Converting unicode string to utf-8


Firstly, I am aware that there are tons of questions regarding en/de-coding of strings in Python 2.x, but I can't seem to find a solution to this problem.

I have a unicode string, that contains letter č which is represented as \u00c4\u008d

If in Python console I write

>>> a = u"\u00c4\u008d"
>>> print a

I get two strange characters printed out instead of č, probably because the actual encoding of that string is supposed to be UTF-8. Therefore I try to use .decode("utf-8") but for this I get the standard UnicodeEncodeError.

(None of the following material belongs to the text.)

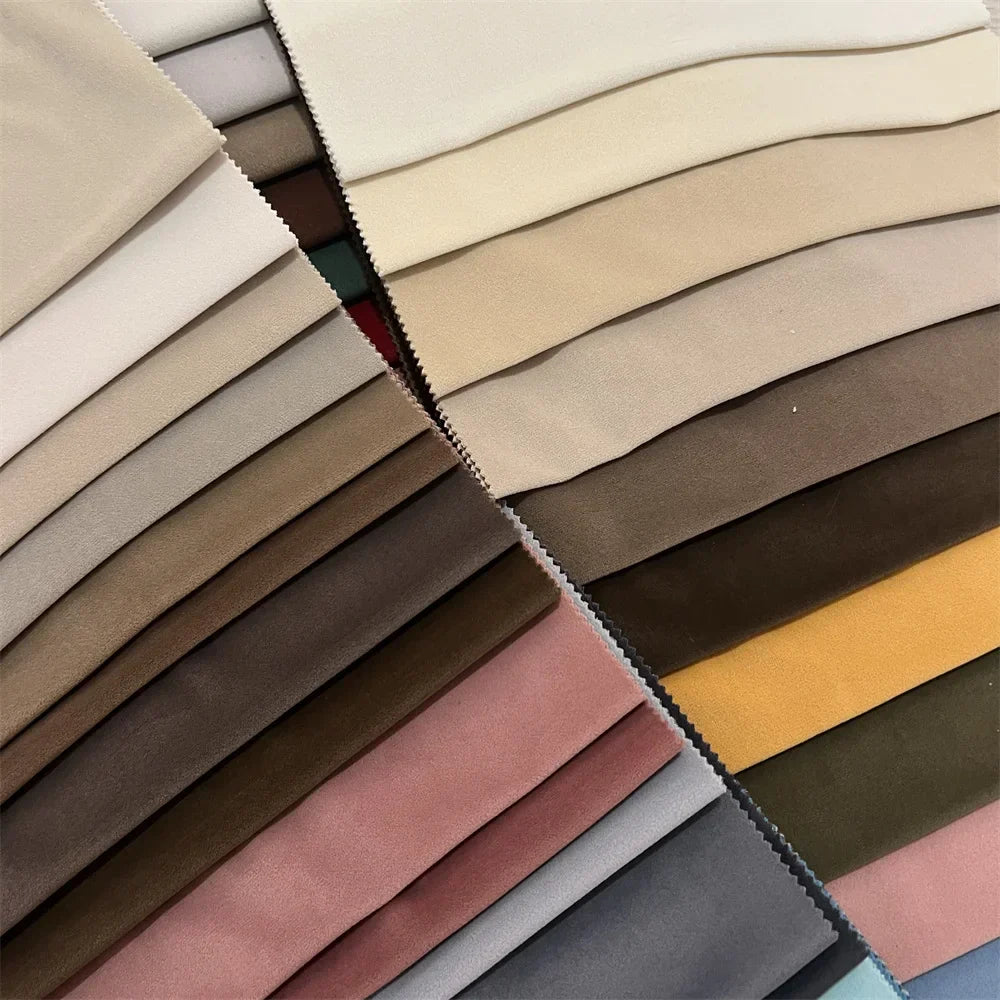 Factory Wholesale Heavy Weight Holland Velvet Fabric Waterproof Polyester Solid&Plain Style - Haida Velvet Upholstery Fabric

Do you know how I can make Python print that string as č in the console?


Solution

  • After fighting with python for over an hour, I decided to look for a solution in another language. This is how my goal can be achieved in C#:

    var s = "\u00c4\u008d";
    var newS = Encoding.UTF8.GetString(Encoding.Default.GetBytes(s));
    File.WriteAllText(@"D:\tmp\test.txt", newS, Encoding.UTF8);
    

    Finally! The file now contains č.

    I therefore got inspired by this approach in C# and managed to come up with the following (seemingly) equivalent solution in Python:

    >>> s = u"\u00c4\u008d"
    >>> arr = bytearray(map(ord, s))
    >>> print arr.decode("utf-8")
    č
    

    I'm not sure how good this solution is but it seems to work in my case.